*Task directions*. Nothing outside the lines below from the one containing "48606_MYL250060_L_IMG_25_0000" through the one containing "ASPERES Appartement T2" is to be printed; print those exactly, ends included, and drop the pictures.

*Input for this task*.
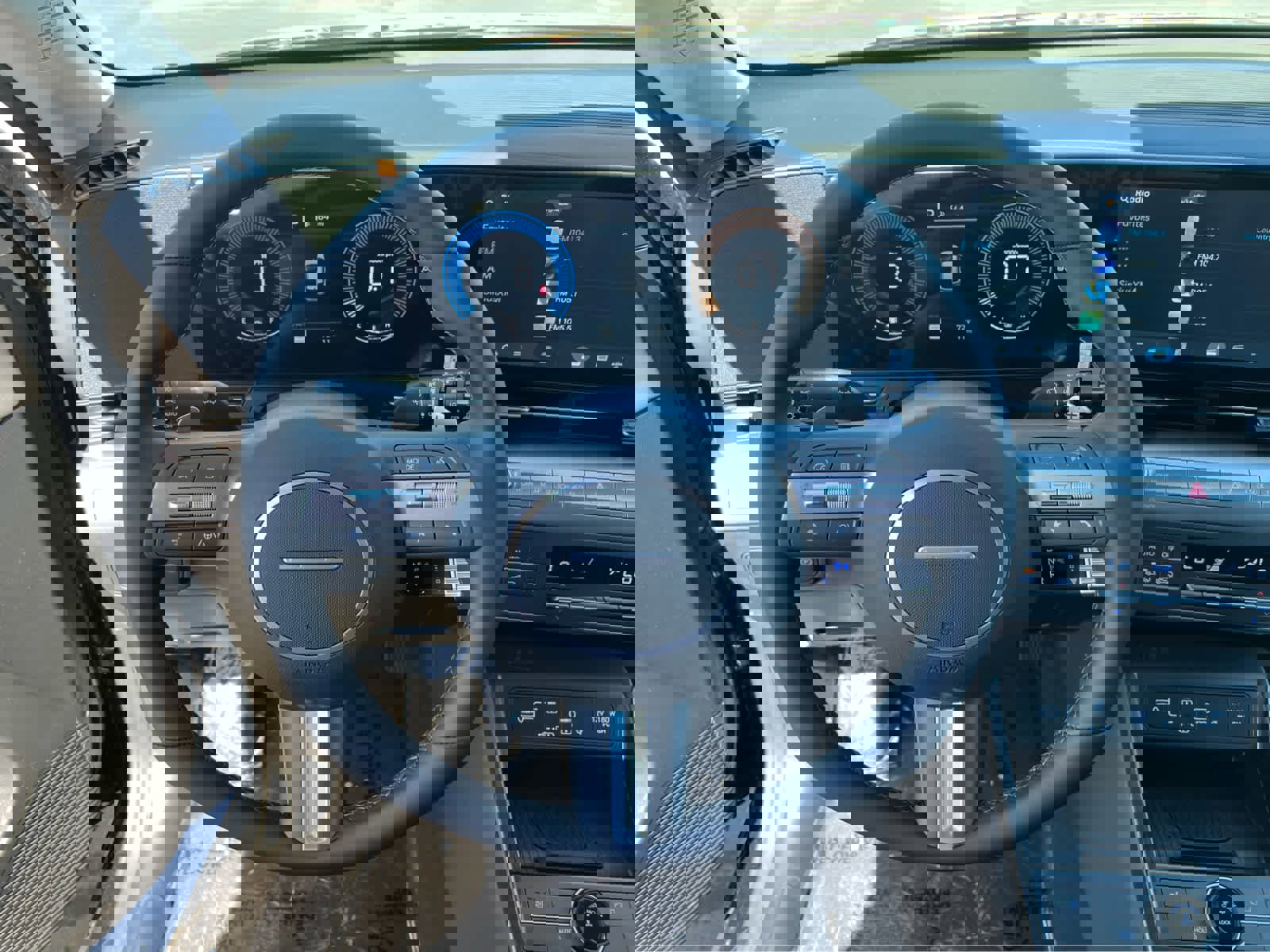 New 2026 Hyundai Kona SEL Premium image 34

...

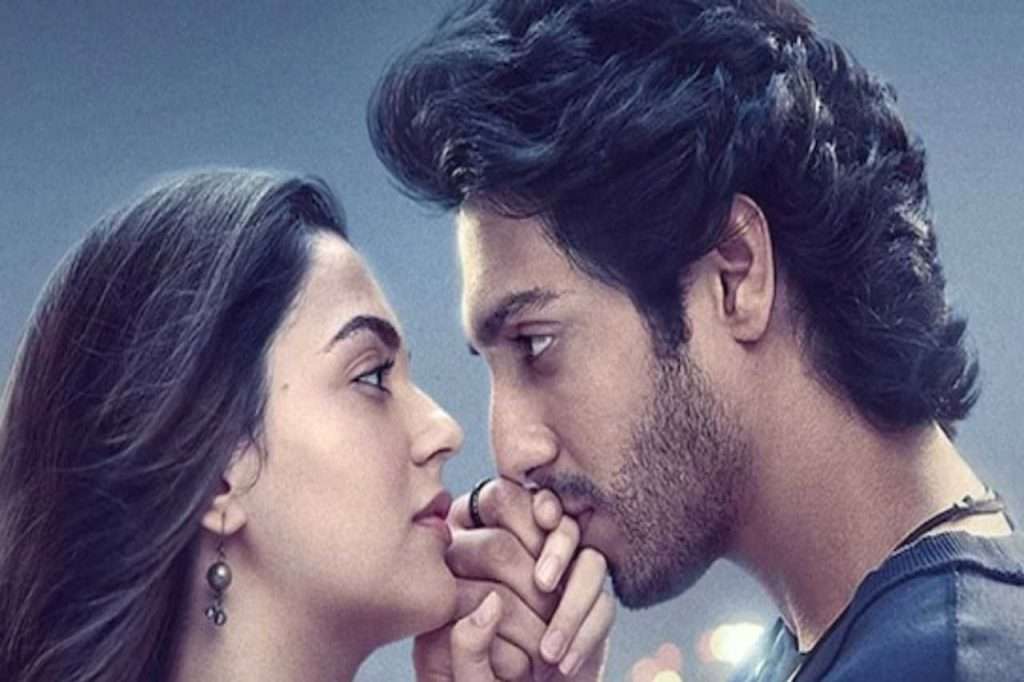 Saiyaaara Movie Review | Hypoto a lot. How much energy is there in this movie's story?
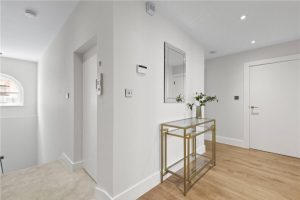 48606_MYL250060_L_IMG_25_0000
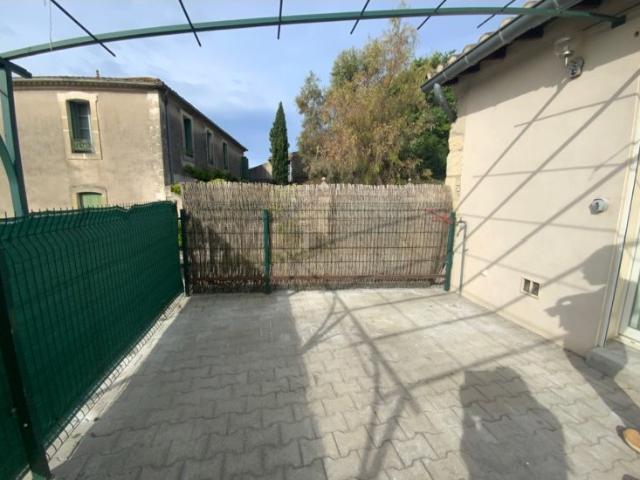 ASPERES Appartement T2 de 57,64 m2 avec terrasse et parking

*Exercise response*.
 48606_MYL250060_L_IMG_25_0000
 ASPERES Appartement T2 de 57,64 m2 avec terrasse et parking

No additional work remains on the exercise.